Bronco double presque la durée de sa production enregistrée à ce jour, et il en profite pour mettre en valeur tous les aspects de sa musique, de l’obsédant au carrément ringard. Cela en dit long sur l’état de la musique country à l’ère de Flordia Georgia Line que cet homme masqué dégage facilement plus de personnalité que 90% des stars modernes de la country. Il le fait en se délectant sans vergogne des tendances les plus ridicules et les plus campagnardes de la country hors-la-loi, remplie d’auteurs-compositeurs au cœur brisé qui se prenaient terriblement au sérieux.

La première chanson de Bronco, « Daytona Sand », se termine par un chant à la Bobbie Gentry, et l’album est rempli de percussions et de claquements de mains. L’album comporte également de nombreuses lignes où Peck – un Canadien – se moque gentiment de sa propre obsession pour l’Americana, comme le moment où il est dans un bar, parlant à une femme et « elle me dit qu’elle n’aime pas Elvis / Je dis, « Je veux un peu moins de conversation, s’il te plaît (she tells me she don’t like Elvis / I say, « I want a little less conversation, please).

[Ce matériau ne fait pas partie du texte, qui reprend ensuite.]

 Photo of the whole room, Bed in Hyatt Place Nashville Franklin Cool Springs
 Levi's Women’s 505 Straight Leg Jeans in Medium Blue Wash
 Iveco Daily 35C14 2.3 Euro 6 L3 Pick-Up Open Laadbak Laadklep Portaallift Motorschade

Parfois, il est un peu trop direct, comme sur « Lafayette » où il déclare « Je me souviens de quelqu’un qui a dit qu’il n’y avait plus de cow-boys / eh bien, ils ne m’ont pas rencontré »(I recall somebody saying that there ain’t no cowboys left / well they ain’t met me), et quelques chansons sont presque indiscernables du genre de foire que vous entendriez sur les stations de radio de l’Alabama n’importe quel jour de la semaine. Mais ces moments occasionnels de cliché sont résolument corrigés par des morceaux comme « The Curse of the Blackened Eye », une histoire de relation abusive où Peck raconte que « j’étais assis l’année dernière en souhaitant tellement de fois que je meure » (I sat around last year wishing so many times that I would die). Le refrain le voit sortir un falsetto qui montre toute l’étendue de sa voix, et il craque aux bons endroits, capturant la même énergie onirique qui a fait de « Dead of Night » la bande-son parfaite pour les rendez-vous nocturnes d’Euphoria.

Le groupe de Peck sur ce disque est presque entièrement composé du groupe canadien de rock indépendant The Frigs, mais malgré leurs penchants habituels, ils font un travail magistral en recréant le son des années de gloire de la country, et fournissent le cadre parfait pour que Peck s’écarte des tempéraments habituels de ces chansons. Les banjos et la guitare slide de « Hexie Mountains » sont prêts pour la route, et « C’Mon Baby, Cry » ressemble à un classique instantané, demandant de la vulnérabilité et ramenant en quelque sorte Roy Orbison à la vie. C’est un son qui a fait ses preuves, mais la perspective de Peck est tout à fait fraîche, et suggère que peut-être tous les paillettes et le camp sont en fait juste Peck étant fidèle à lui-même.